#### DATASET EXTRACT:
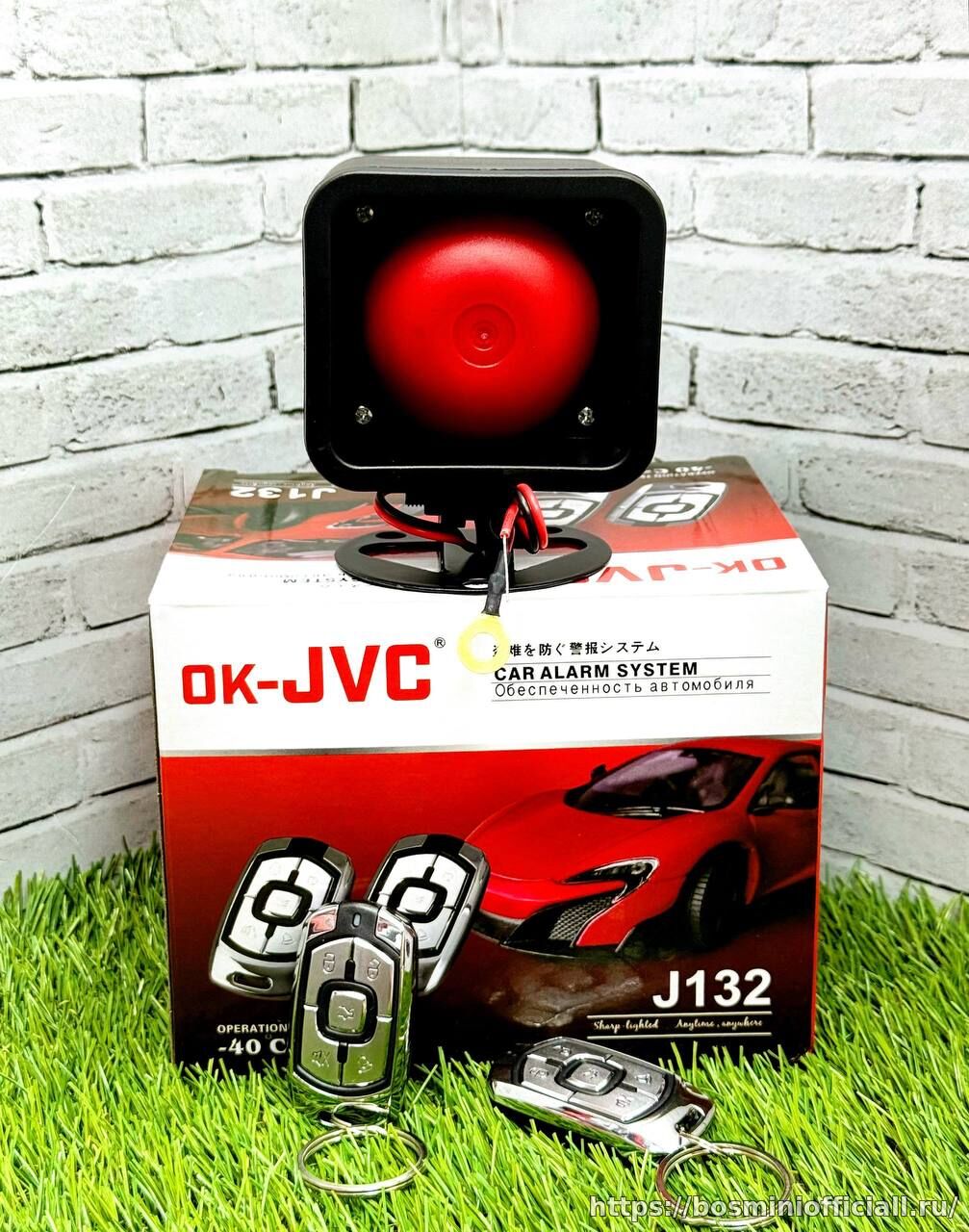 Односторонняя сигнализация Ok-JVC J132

...

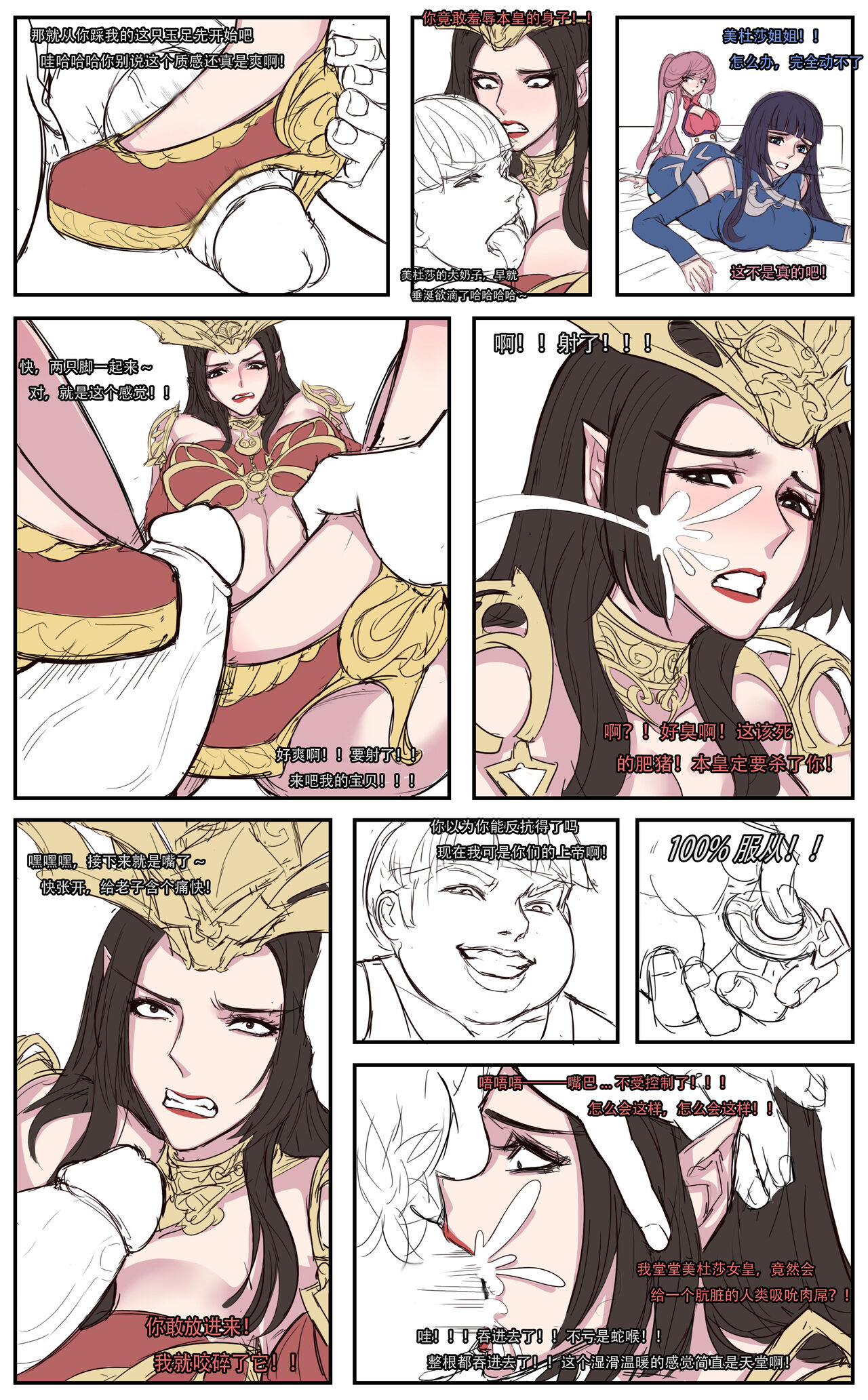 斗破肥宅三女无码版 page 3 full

==

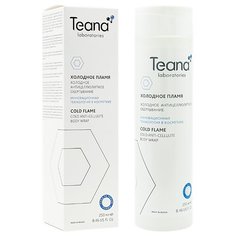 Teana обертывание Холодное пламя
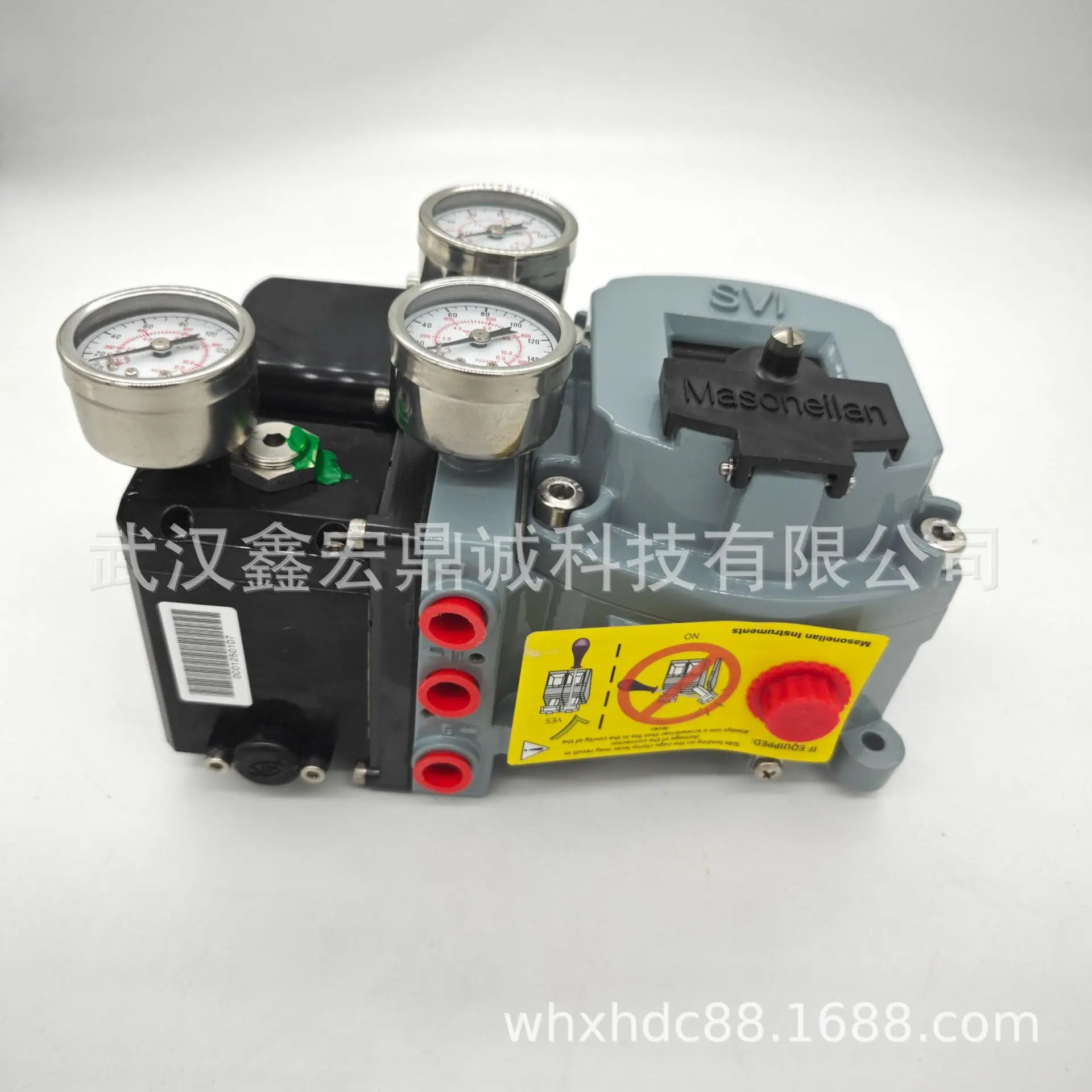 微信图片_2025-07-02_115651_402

#### EXERCISE:
Using the data above, output the line that has "Teana обертывание Холодное пламя", the line that has "微信图片_2025-07-02_115651_402", and whatever lines fall between, each exactly as it stands and without pictures.

#### RESULT BELOW:
 Teana обертывание Холодное пламя
 微信图片_2025-07-02_115651_402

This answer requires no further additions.